### How to complete this task
Pictures stay out of the copy. Retype exactly the lines below from the one with "Bohemian Mudcloth Print" through the one with "Ażurowy sweter damski".
(Supplied records Opens)
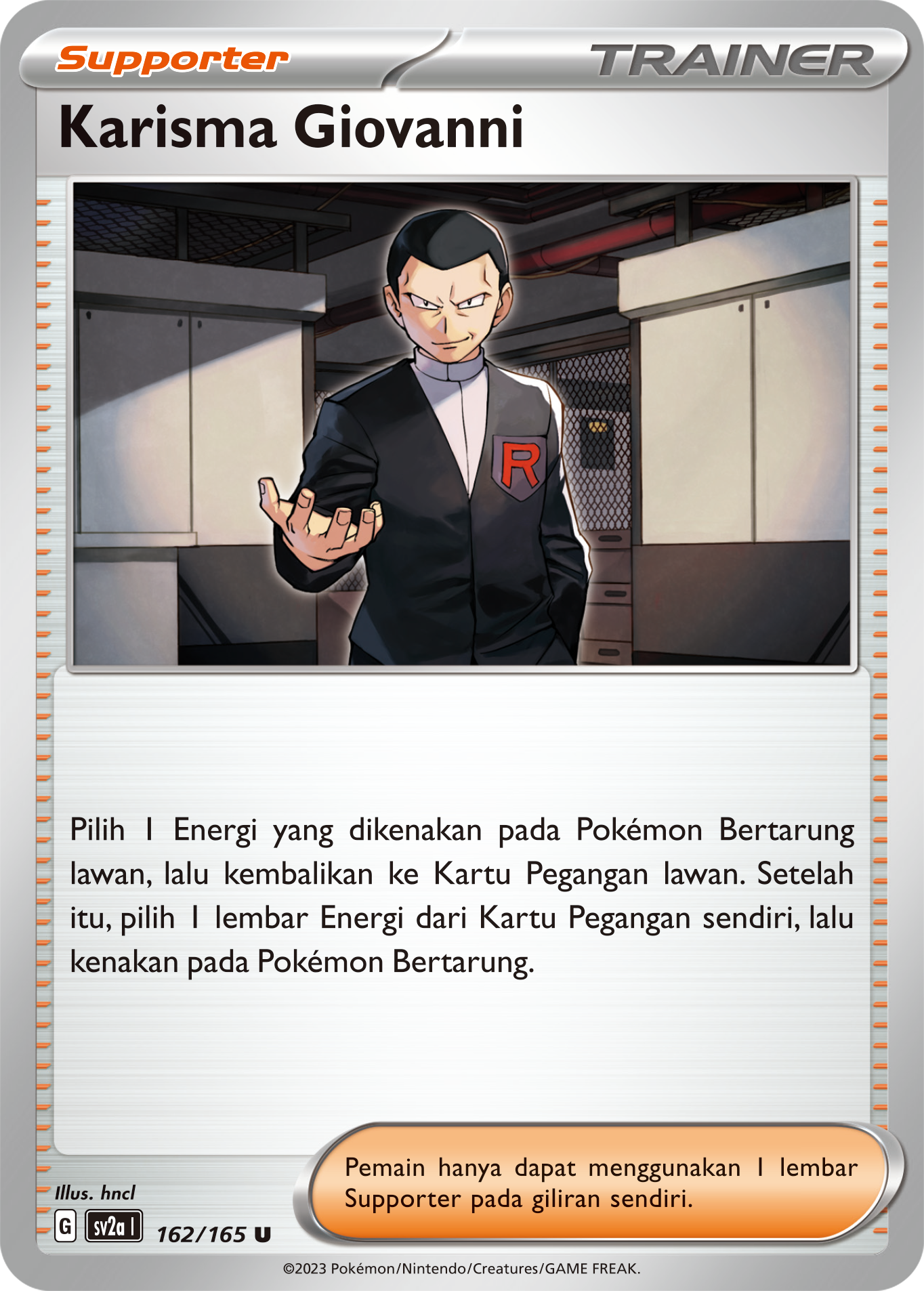 Karisma Giovanni 162 — Kartu Pokémon 151 (Indonesian Pokémon TCG card)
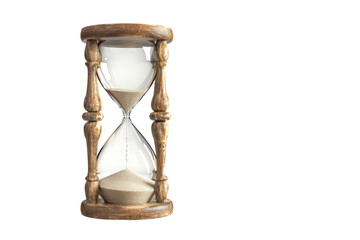 Vintage wooden hourglass with white sand on a transparent background. Timeless classic symbolizing the passage of time. Isolated image.
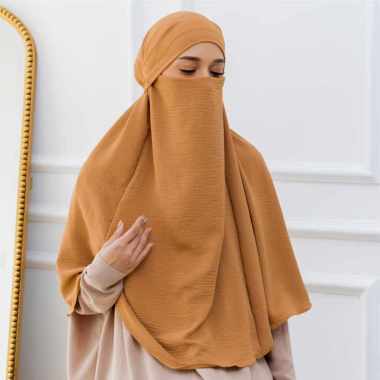 Lozy Hijab - Halima French Khimar (Hijab 2in1 Niqab) Sudan Brown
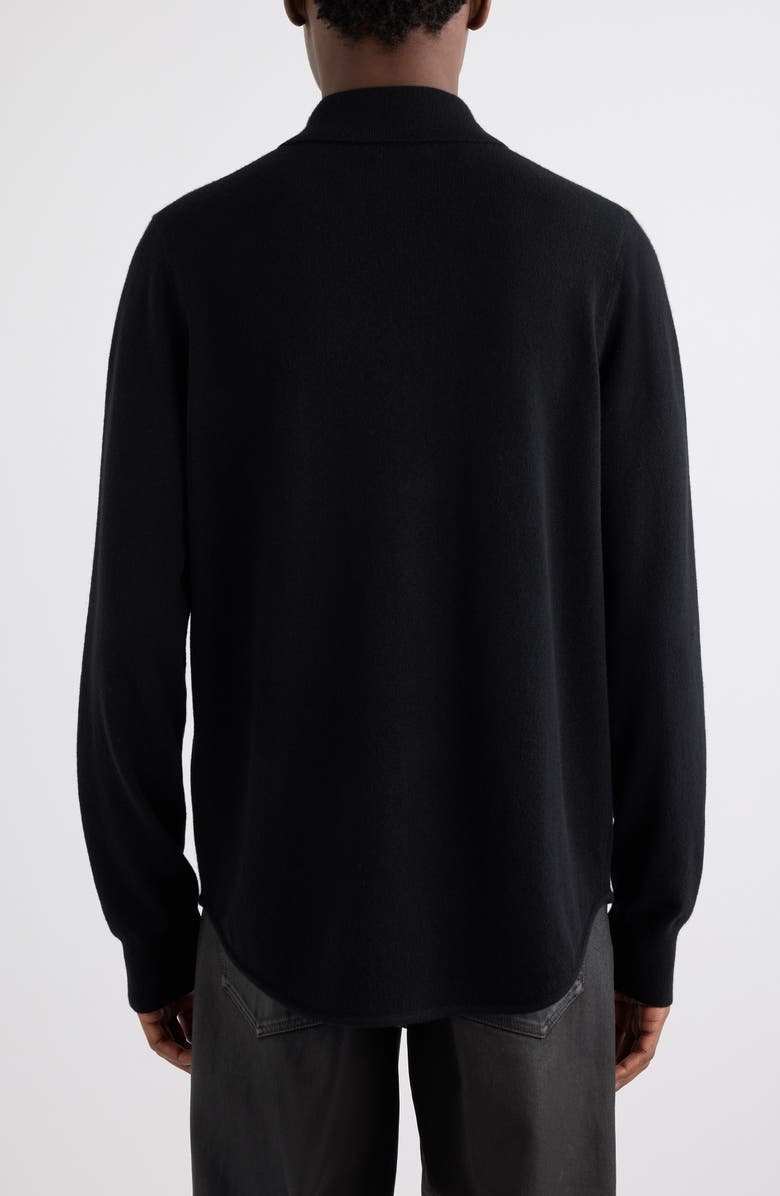Dries Van Noten Monaco Cashmere Button-Up Shirt, Alternate, color, Black
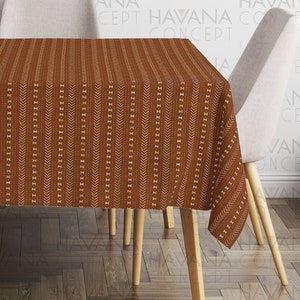 Bohemian Mudcloth Print Tablecloth, Ginger Color African Mudcloth Table Linens, Boho Print Africa Inspired Dining Tablecloth, Various Sizes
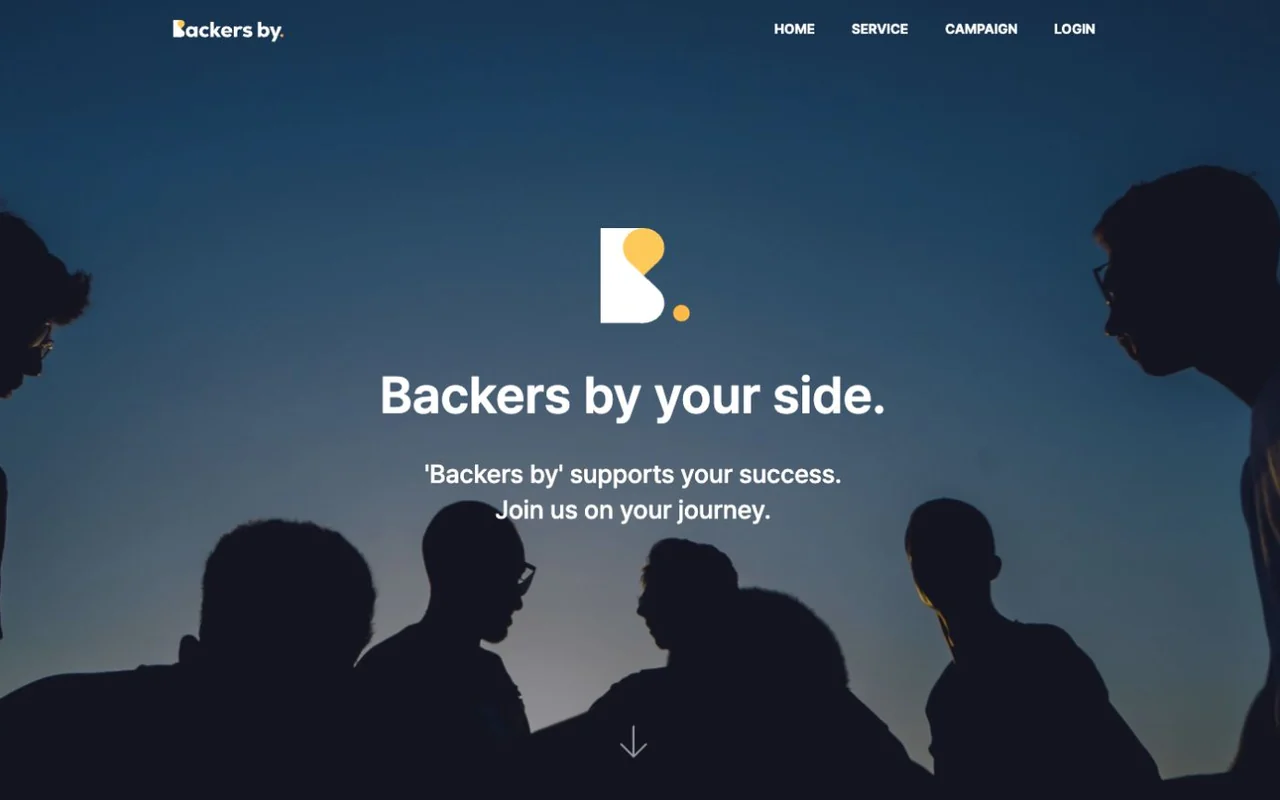 사람들의 실루엣과 Backers by your side 문구가 있는 Backersby 공식 웹사이트 캡처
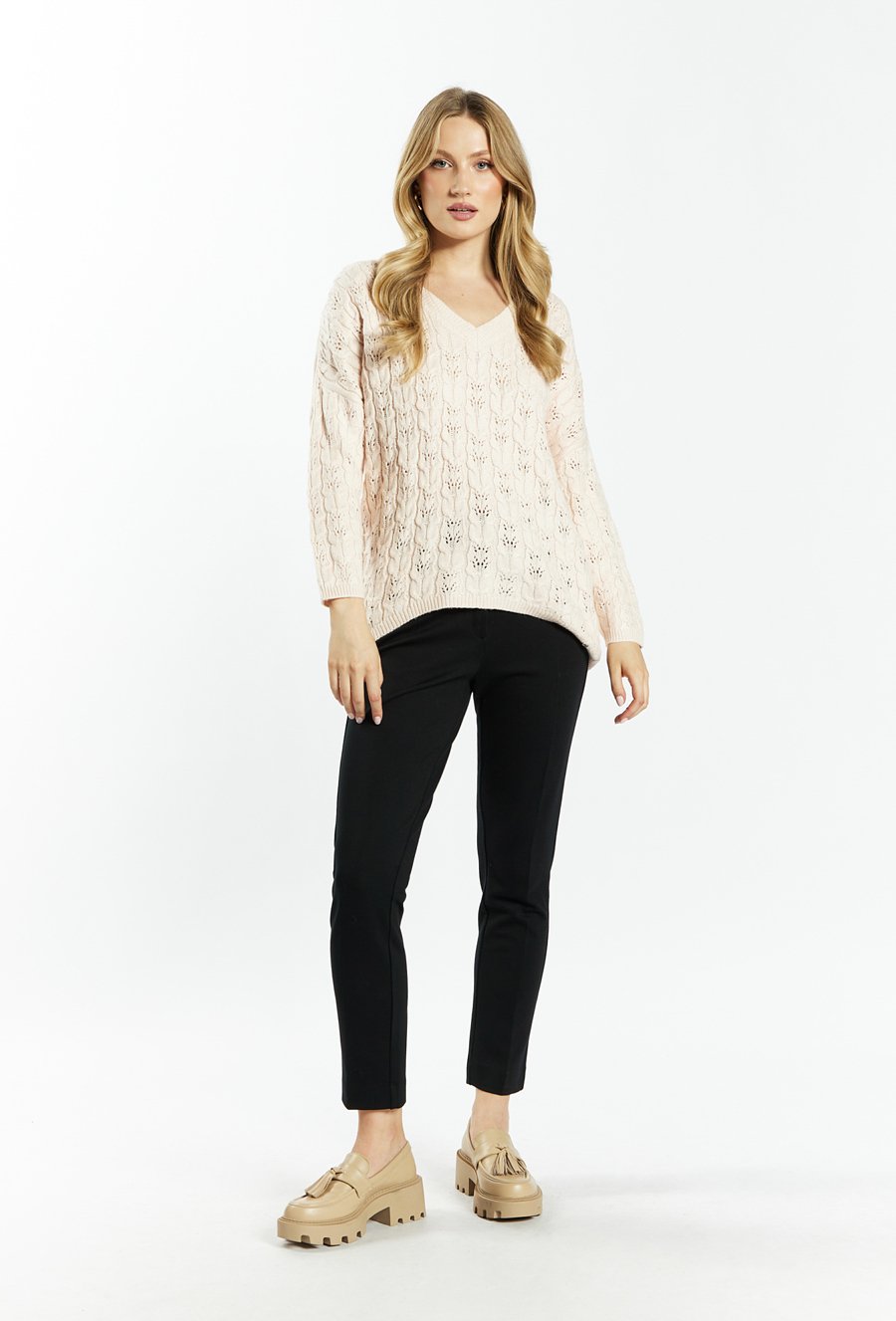 Ażurowy sweter damski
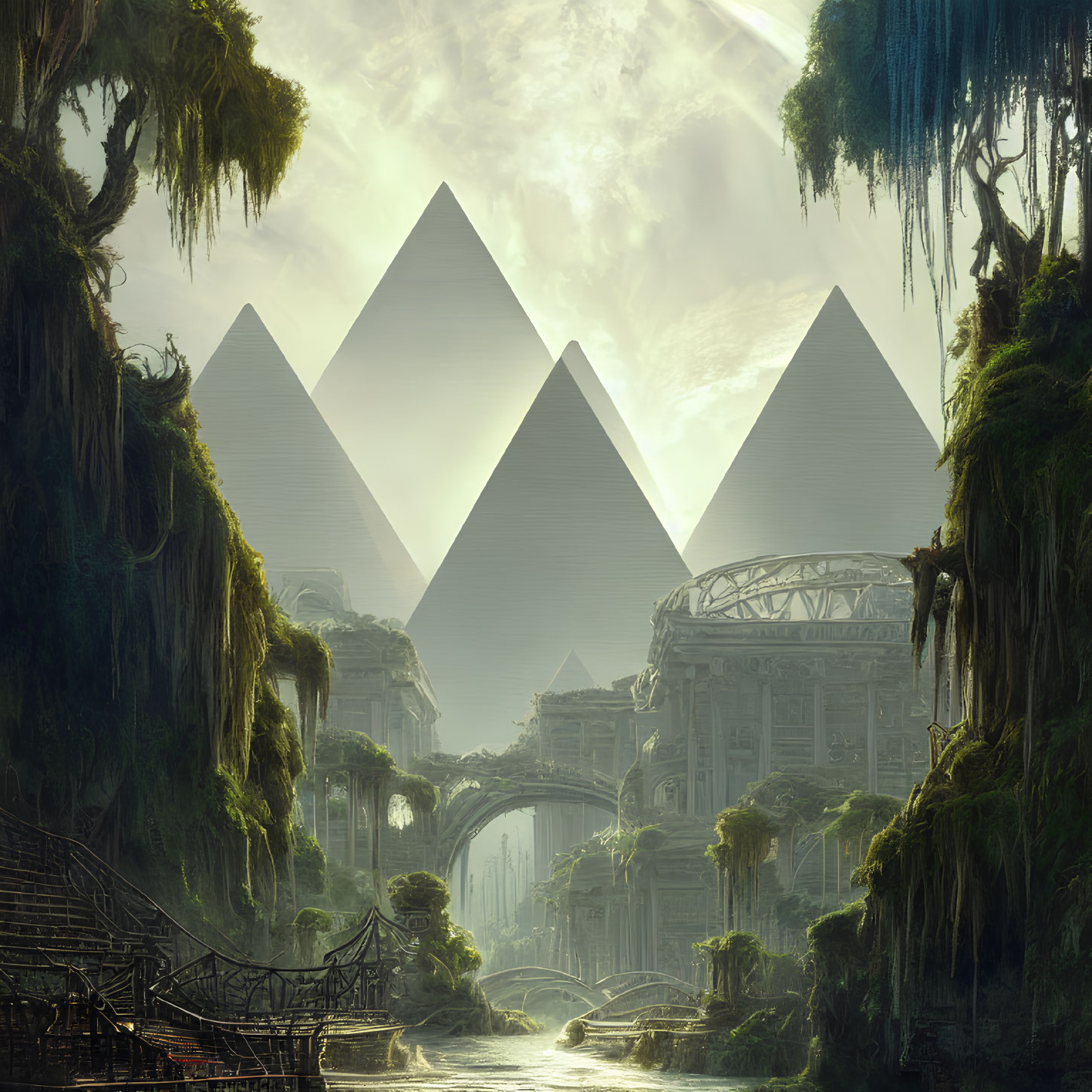 Ethereal landscape with Egyptian pyramids, lush vegetation, arches, and mist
(Supplied records Closes)
### Result for this task
 Bohemian Mudcloth Print Tablecloth, Ginger Color African Mudcloth Table Linens, Boho Print Africa Inspired Dining Tablecloth, Various Sizes
 사람들의 실루엣과 Backers by your side 문구가 있는 Backersby 공식 웹사이트 캡처
 Ażurowy sweter damski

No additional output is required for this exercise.